That's why we have always shared all finances. In marriage everything is 'ours' and not 'his' or 'mine'. I can't imagine living any other way.


----------



## Thor (Oct 31, 2011)

Diana7 said:


> If I had such little trust in a man that I needed such strict financial arrangements in a marriage, then I wouldn't be marrying him. For me its far better to make sure that anyone you marry has the same attitude towards responsibility(financial or otherwise) as you do.
> The marriage service 'with all my worldly goods I thee endow' is very important to me. A marriage where you are making sure that all of 'your' money stays 'yours', to me seems like no marriage and is only thinking of yourself not your partner or the marriage.
> 
> Its especially hard if the other spends many years caring for children and has no income or a part time income for that time, what then? Does he/she have no say in anything? Is he/she completely reliant on what her husband tells her to do financially?
> That's why we have always shared all finances. In marriage everything is 'ours' and not 'his' or 'mine'. I can't imagine living any other way.

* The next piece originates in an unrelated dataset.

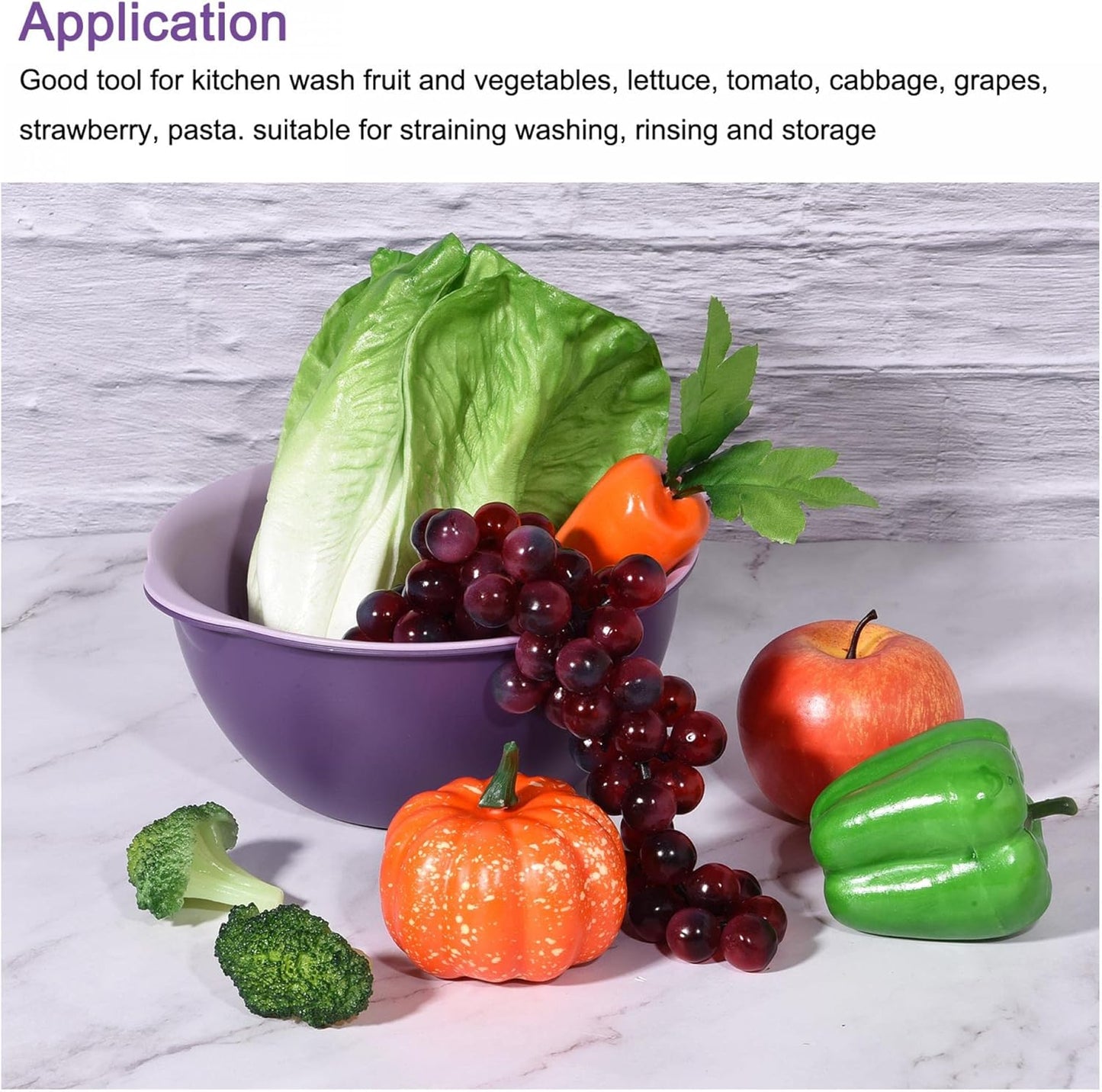 Kitchen Strainer Colander Bowl Set, Medium Double Layer Drain Basin and Basket Suitable for Fruits, Vegetables, Pasta, Cleaning Washing - Purple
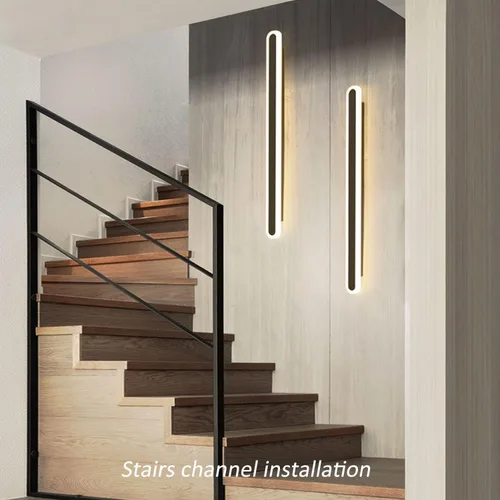 Miniatura 3 de Paquete de 2 luces LED de pared modernas de 47 pulgadas de largo, 24 W, blanco cálido, 110 V, lámpara de pared rectangular negra, elegante acrílico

I know too many people who found out after the fact that their spouse brought crippling debt into the marriage. And I know people whose spouse turned out to be a spendaholic of the kind that makes it impossible to save anything for the future. Or one spouse decided it was easier to stay home or not pursue a reasonable paying career.

But that doesn't mean that joint expenses can't be fairly shared, and in retirement if there is no divorce that the savings can't be jointly used. I would jointly purchase a home with a 2nd wife. If my income were higher than hers then I would expect to pay more of the joint expenses.

I won't have more children if I get married again, and I expect my 2nd wife would have children of her own. It is only right that our children's inheritances be protected. But I would also want my 2nd wife to be financially protected if I were to pass first, so my money would be available to her if she exhausted hers.

My relative had a large fortune stolen by his 2nd wife when he died with a will rather than a trust. She then changed her will immediately to write his heirs out. Tens of millions of dollars. For a handicapped family member just a small portion of the original inheritance would be life altering, and for the rest of us as well. While my estate will never reach even $1M, I will not risk my children's right to it.

Now if the situation is an agreed upon SAHM or other mutually agreed arrangement where the incomes are vastly different, then yes the arrangements are going to reflect those differences.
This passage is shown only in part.